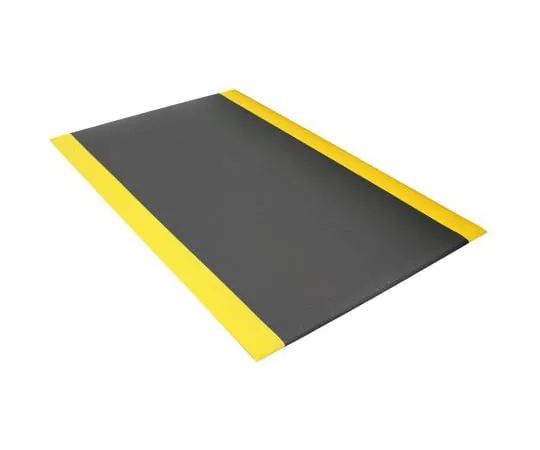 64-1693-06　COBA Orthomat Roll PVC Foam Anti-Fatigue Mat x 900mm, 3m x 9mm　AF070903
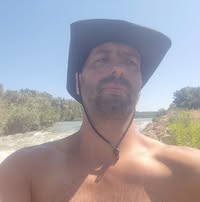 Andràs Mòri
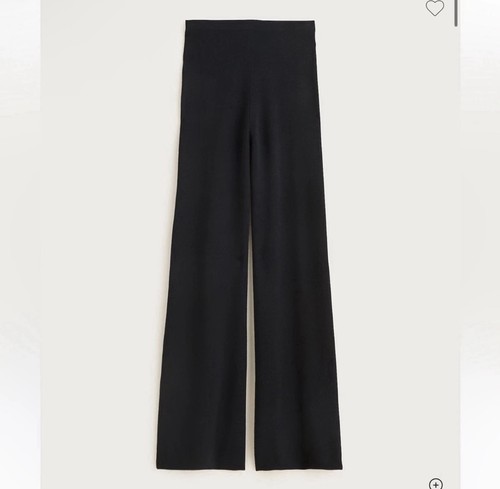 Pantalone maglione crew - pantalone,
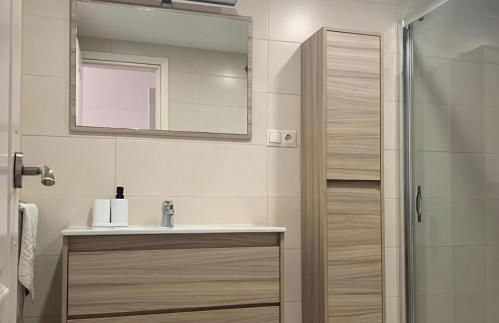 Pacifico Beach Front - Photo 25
---
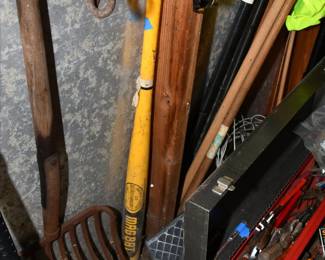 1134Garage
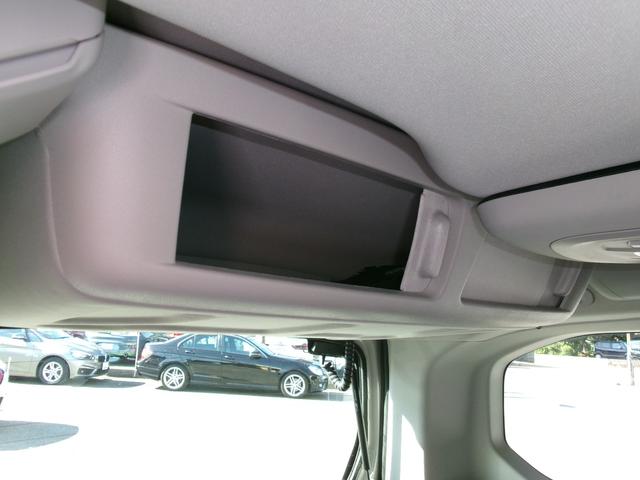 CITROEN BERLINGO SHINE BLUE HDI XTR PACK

* **TASK OBJECTIVE**
Given the listing above, retype only the span of lines from the line with "64-1693-06　COBA Orthomat Roll" up to and including the line with "Pacifico Beach Front - Photo 25", exactly as it stands and without pictures.

* **RESULT OF THIS TASK**
 64-1693-06　COBA Orthomat Roll PVC Foam Anti-Fatigue Mat x 900mm, 3m x 9mm　AF070903
 Andràs Mòri
 Pantalone maglione crew - pantalone,
 Pacifico Beach Front - Photo 25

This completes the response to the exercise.